В греческой мифологии, по крайней мере, в той, которая известна нам по Гесиоду, обнаруживаются следы изначального дуализма — он проявляется в противостоянии Крона и Зевса. Сын, Зевс, восстает против отца, Крона. Он занимает место отца и оскопляет его, причем кастрация является символическим эквивалентом смерти. Но в латентном состоянии конфликт существует и в самом образе Крона: сюжет об отце, дающем жизнь детям и пожирающем их, когда они родились, достаточно двусмыслен сам по себе. Этот-то сюжет по-настоящему и ставит проблему.

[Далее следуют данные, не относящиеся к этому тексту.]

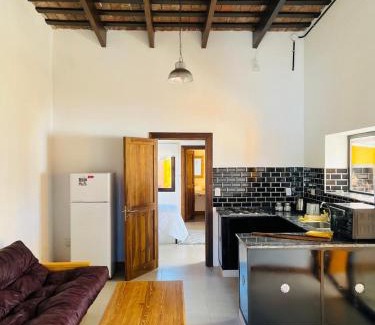 Duggan House | Family-Friendly Getaway at Casa del Correo - Rated 9/10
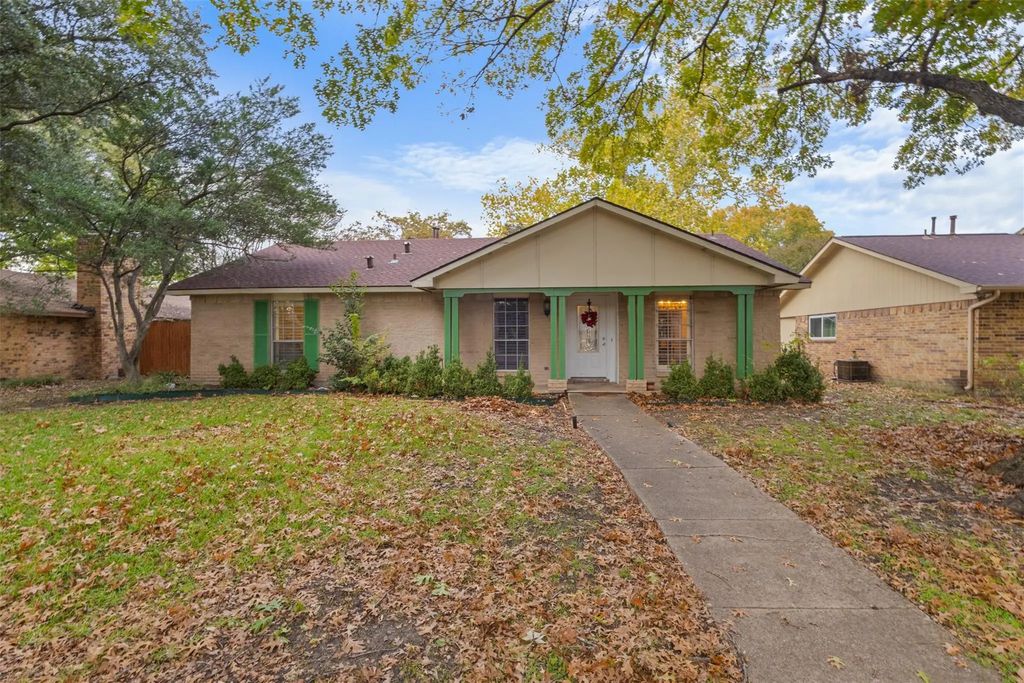 2309 Overglen Drive, Plano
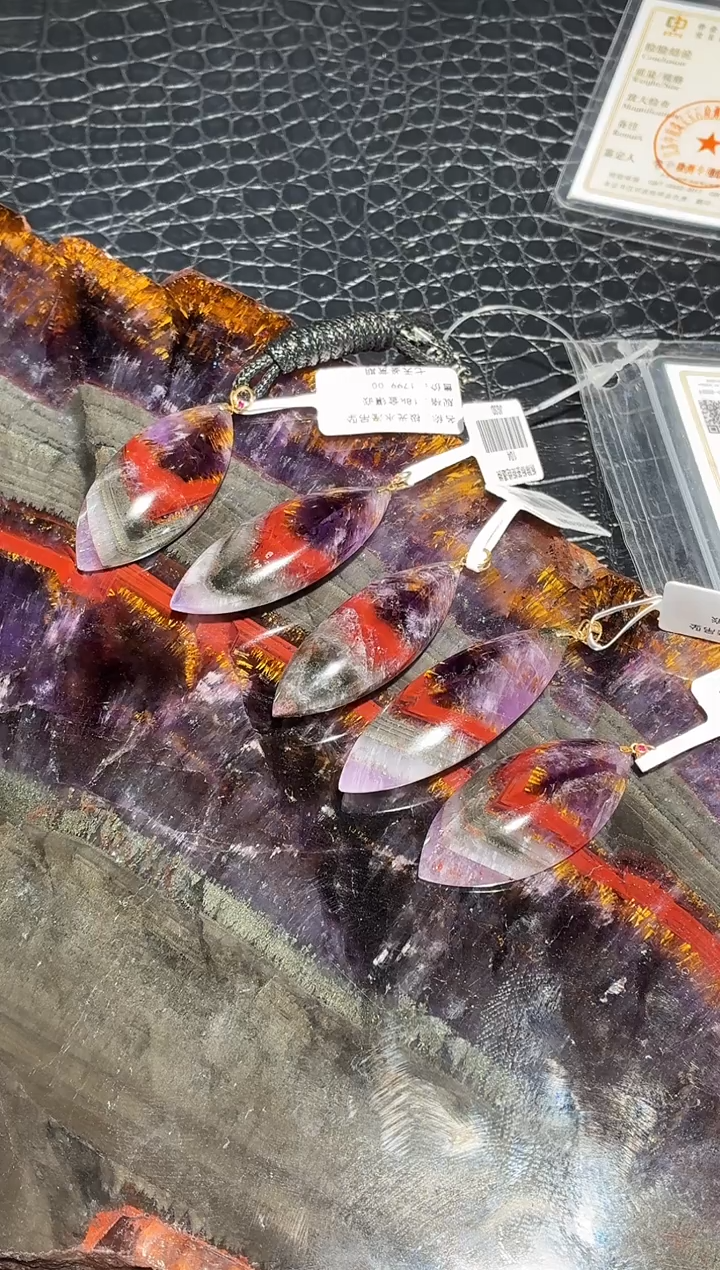 吊坠(不含链)18K金镶嵌水晶极光吊坠（多样性发其一）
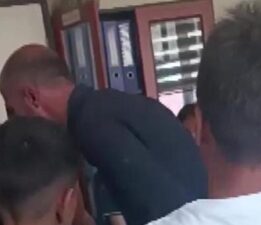 Sınıfta skandal görüntü! Okul müdüründen öğrencilere sıra dayağı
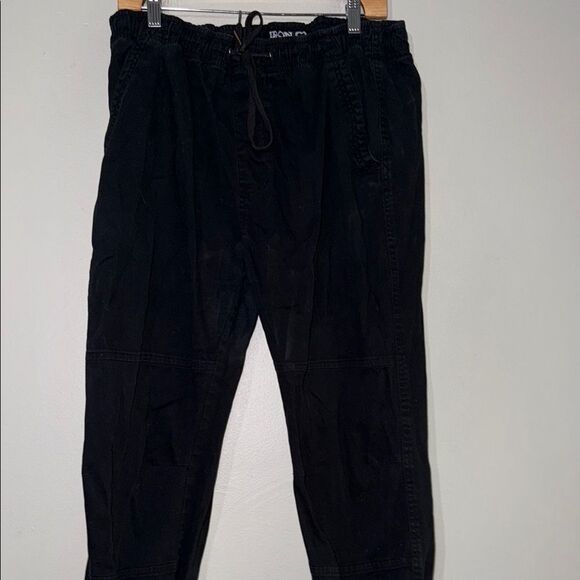 Black Jogger Pants with Tapered Fit - Picture 4 of 10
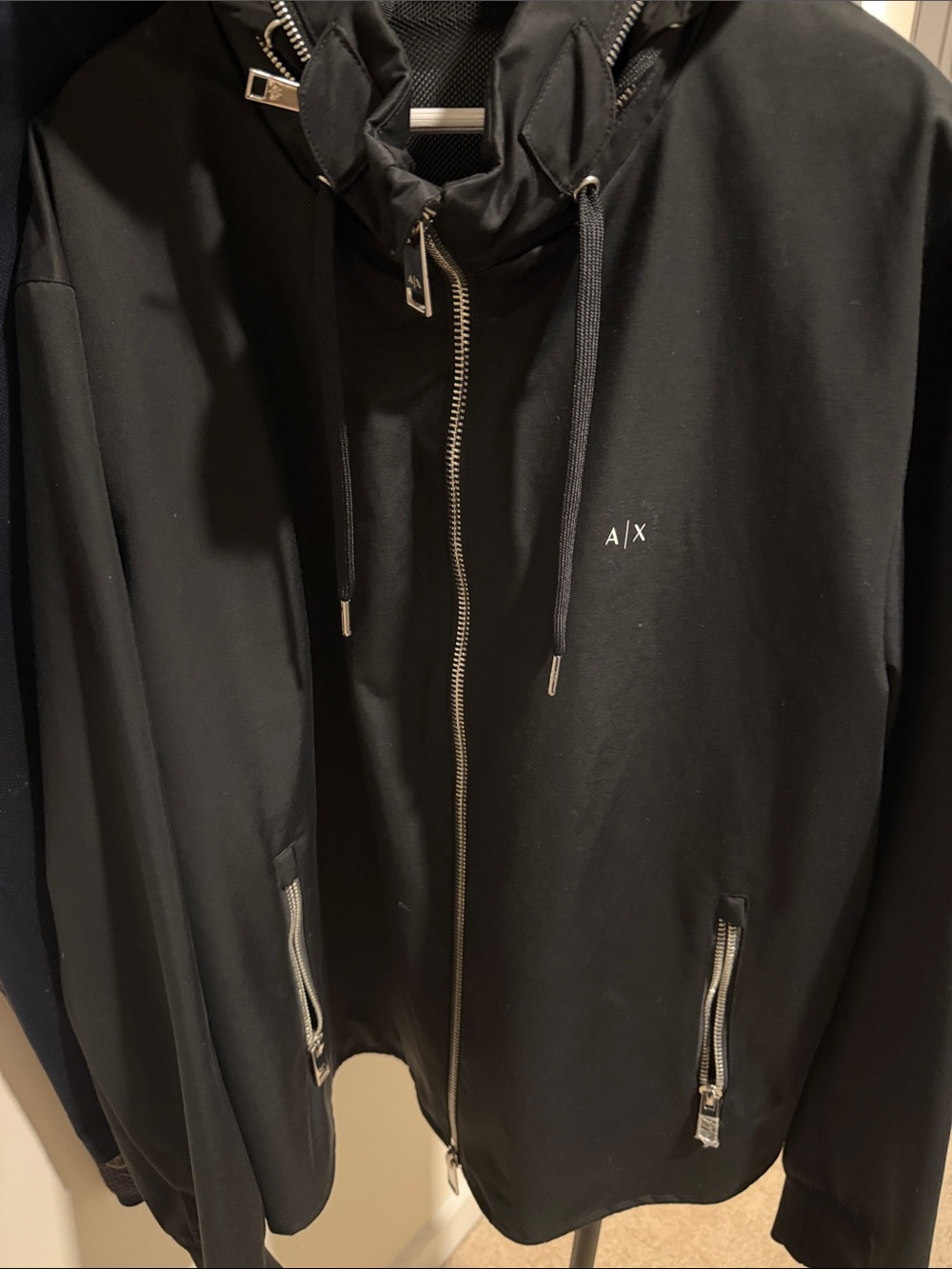 Armani Exchange White and Black VR Accessory Tag Style Sleeve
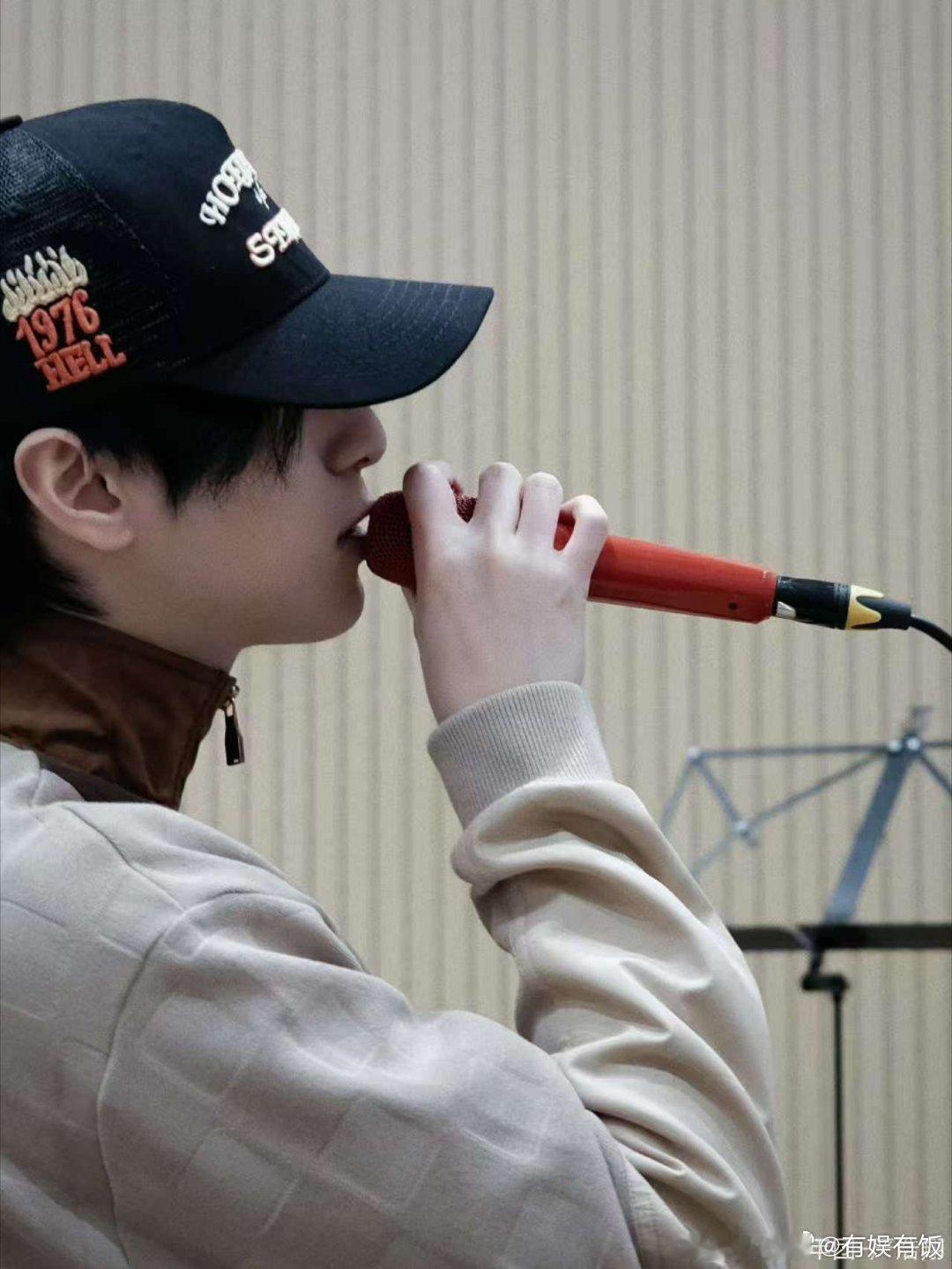 严浩翔练唱照严浩翔练唱时间严浩翔练唱时间，好看， ​​​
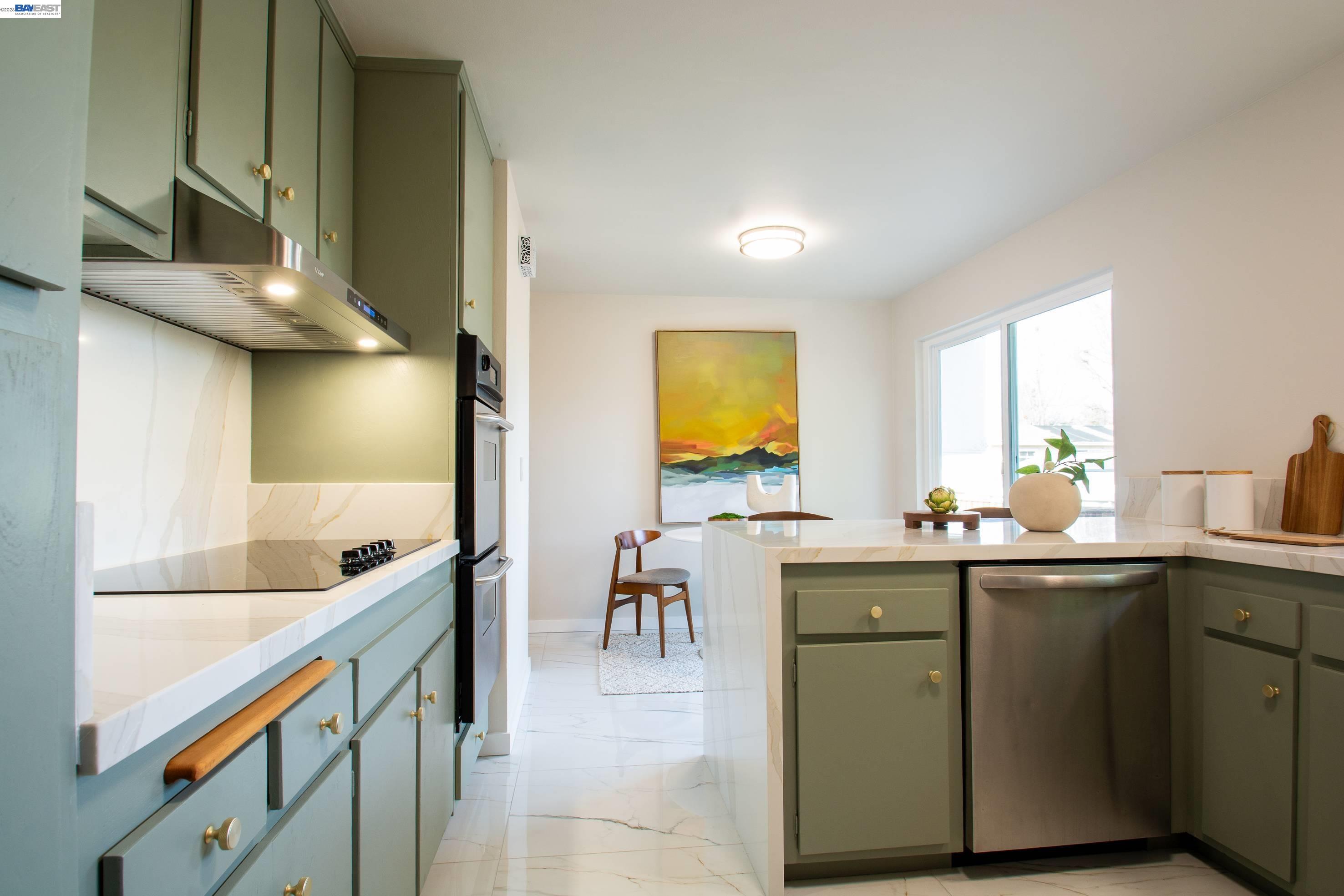 Detail Gallery Image 15 of 56 For 1230 Sargent Drive, Sunnyvale,  CA 94087 - 4 Beds | 2/1 Baths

На самом деле у Крона есть две противоречивые привычки, пусть даже сказано, что глотает детей, то есть загоняет их в себя самого, в свое бессознательное, он из-за предсказания, что один из детей его свергнет. Таким образом, он способен давать жизнь и приносить смерть, и это происходит даже помимо его сознательной воли: закон самый скрытый, менее всего доступный для выражения навязывает его сознанию этот парадоксальный образ действия, откуда возникает понятие Необходимости, Судьбы, которой подвластны боги, как и люди. Следовательно, Крон не всемогущ, потому что внутри него действуют противоположные силы. То есть образ верховного бога (Крон в теогонии — не верховный бог, но исполняет его роль) включает одновременно жизнь и смерть? Есть искушение считать, что так.
Во всяком случае, противостояние гораздо в большей мере основано на этой амбивалентной стороне образа Крона, чем на войне олимпийцев с восставшими титанами или с гигантами, взбирающимися на Олимп, чтобы штурмовать его. Эта война не более чем одно из следствий двойственности Крона, распределенной по наследству между его потомками или природой — между единосущными ему существами (Крон сам — титан). То же самое будет в германской мифологии, судя по поздним, но имеющим архаический вид текстам, обнаруженным у исландцев: борьба между богами-асами и богами-ванами — только следствие конфликта, выявляющего внутренние противоречия божества, противоречия, которые будут вновь актуализованы в скрытном и почти бессознательном соперничестве между Одином-Вотаном и загадочным Локи, что, впрочем, великолепно ощутил Вагнер в своей «Тетралогии». И хотя кельтская мифология, собственно говоря, не содержит теогонии, в ней тоже встречаются войны между двумя соперничающими партиями богов, хотя бы те войны, во время которых в ирландской эпопее сталкиваются племена богини Дану и племена Фир Болг, один за другим захватившие остров Ирландию.